Ray Shackleford, réparateur de matériel hi-fi, se noie dans l’alcool et la musique. Il tente d’oublier une vie de couple chaotique et les brimades de son père. A la mort de ce dernier, sa vie bascule. Il se découvre un don singulier : il a le pouvoir de se projeter dans l’univers de ses groupes de rock favoris, d’enregistrer des versions inédites de leurs chansons. Poussé par Graham Hudson de Carnival Records, il accepte d’enregistrer l’album mythique et inédit des Doors : Celebration of the lizard. Mais ces voyages incessants dans le passé se révèlent bientôt dangereux. Car à trop jouer avec l’espace et le temps, ne risque-t-on pas d’ouvrir les portes du domaine de la Mort ?

Fugues est à la fois un roman initiatique et un magnifique hommage au rock des années 60-70 ; on y croise entre autres Jim Morrison, Brian Wilson, Jimi Hendrix et les Beatles.

Lewis Shiner est né en 1950. Son premier roman, Frontera, a été nominé au prix Nebula. Mais c’est son deuxième roman, Deserted cities of the heart (à paraître dans la même collection), qui lui a valu d’être encensé par une critique unanyme, dont James Ellroy.

L’avis de Philémont

Fugues met en scène un homme qui se dirige vers la quarantaine en prenant conscience que sa vie personnelle est un désastre, et en découvrant qu’il a le pouvoir de se projeter vingt ans en arrière dans l’univers de ses groupes favoris. C’est l’occasion pour lui de voir et d’entendre ce qui est entré dans la légende du rock : ces titres et albums qui n’ont jamais pu être réalisés pour des raisons diverses et souvent tragiques. Dès lors ces retours dans un passé si riche musicalement deviennent pour lui une thérapie, ses entretiens avec Jim Morrison, Brian Wilson ou Jimi Hendrix contribuant peut-être à leur rédemption commune.

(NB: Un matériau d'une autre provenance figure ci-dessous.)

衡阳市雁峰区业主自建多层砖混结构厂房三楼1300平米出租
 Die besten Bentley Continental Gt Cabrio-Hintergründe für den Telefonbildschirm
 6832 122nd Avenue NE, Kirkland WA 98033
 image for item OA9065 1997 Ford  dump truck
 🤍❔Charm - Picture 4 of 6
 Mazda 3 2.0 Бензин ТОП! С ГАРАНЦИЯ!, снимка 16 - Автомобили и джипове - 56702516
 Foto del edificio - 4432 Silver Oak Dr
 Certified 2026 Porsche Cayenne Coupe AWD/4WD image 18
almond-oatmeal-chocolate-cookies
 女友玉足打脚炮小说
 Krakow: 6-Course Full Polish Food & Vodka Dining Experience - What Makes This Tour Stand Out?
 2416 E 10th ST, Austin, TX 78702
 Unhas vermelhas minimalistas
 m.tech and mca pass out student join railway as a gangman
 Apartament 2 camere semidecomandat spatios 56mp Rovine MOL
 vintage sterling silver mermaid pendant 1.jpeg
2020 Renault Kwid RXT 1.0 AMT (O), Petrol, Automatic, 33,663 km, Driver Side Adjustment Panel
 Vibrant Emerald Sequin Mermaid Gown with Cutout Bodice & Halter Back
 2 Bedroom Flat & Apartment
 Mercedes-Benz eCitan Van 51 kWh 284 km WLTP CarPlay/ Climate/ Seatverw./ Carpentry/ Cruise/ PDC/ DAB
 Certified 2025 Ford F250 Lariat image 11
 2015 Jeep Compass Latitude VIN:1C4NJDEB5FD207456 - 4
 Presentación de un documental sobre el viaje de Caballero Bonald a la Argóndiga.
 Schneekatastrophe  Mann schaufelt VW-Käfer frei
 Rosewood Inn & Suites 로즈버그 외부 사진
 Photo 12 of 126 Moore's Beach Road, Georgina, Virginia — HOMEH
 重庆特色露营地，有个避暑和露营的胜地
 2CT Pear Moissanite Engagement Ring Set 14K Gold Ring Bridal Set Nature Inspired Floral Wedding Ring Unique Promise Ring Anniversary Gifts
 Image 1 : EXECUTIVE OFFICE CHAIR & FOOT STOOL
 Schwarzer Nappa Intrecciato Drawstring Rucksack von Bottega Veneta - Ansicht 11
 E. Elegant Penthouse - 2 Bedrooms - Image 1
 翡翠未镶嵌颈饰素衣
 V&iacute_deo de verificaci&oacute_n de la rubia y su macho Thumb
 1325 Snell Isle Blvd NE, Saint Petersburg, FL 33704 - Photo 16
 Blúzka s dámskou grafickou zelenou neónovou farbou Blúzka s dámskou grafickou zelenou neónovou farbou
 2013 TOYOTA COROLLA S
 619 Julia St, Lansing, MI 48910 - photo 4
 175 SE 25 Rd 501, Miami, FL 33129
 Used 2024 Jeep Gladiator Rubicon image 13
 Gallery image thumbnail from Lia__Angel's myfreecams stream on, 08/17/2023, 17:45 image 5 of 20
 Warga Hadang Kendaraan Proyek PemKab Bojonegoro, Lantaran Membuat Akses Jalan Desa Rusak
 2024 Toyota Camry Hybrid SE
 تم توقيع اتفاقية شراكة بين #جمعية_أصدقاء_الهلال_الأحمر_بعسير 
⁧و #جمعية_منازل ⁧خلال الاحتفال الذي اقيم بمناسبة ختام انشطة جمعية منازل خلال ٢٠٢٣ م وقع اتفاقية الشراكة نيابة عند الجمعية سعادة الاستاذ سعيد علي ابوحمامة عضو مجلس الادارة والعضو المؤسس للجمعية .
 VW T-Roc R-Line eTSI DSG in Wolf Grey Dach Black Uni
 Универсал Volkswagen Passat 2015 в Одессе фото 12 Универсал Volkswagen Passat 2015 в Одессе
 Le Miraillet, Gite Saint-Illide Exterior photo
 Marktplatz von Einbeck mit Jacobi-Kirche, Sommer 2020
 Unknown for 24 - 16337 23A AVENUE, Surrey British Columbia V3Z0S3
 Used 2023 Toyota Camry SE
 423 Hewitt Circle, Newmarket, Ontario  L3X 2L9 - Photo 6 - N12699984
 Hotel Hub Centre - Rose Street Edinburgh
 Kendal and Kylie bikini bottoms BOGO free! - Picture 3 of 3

Hommage au rock de la fin des années soixante, Fugues est un très beau roman dans lequel Lewis SHINER a probablement mis beaucoup de lui-même. Car le personnage principal du roman ne se trouve pas parmi les personnages historiques et charismatiques à qui il donne vie, mais bel et bien dans ce personnage médiocre mais passionné qui continue de se chercher quand sa jeunesse est sur le point de prendre fin. Et avec lui il transmet superbement sa passion pour la musique de la fin des sixties, et utilise nombre d’éléments de sa vie personnelle pour donner de la substance à son personnage. C’est la mort de son père autoritaire avec qui il a toujours entretenu des relations conflictuelles ; c’est encore son couple qui part en déliquescence jusqu’à l’inévitable divorce.

L’argument fantastique du roman n’est d’ailleurs que secondaire. Ce qui compte ici c’est l’homme, et le regard désenchanté qu’il porte sur sa vie passée et à venir, ainsi que sur une époque à jamais révolue. A ce titre il est aisé de faire le parallèle avec un autre roman récemment réédité. Toutefois le sujet est traité de manière différente puisque quand MARTIN se place dans une perspective collective et sociale, SHINER lui préfère une approche purement personnelle et individuelle. Ce n’est pas moins intéressant et tout aussi fort d’un point de vue émotionnel. Cela porte à croire que décidément le mouvement hippie est un sujet éminemment romanesque en plus d’avoir été d’une richesse musicale rarement égalée.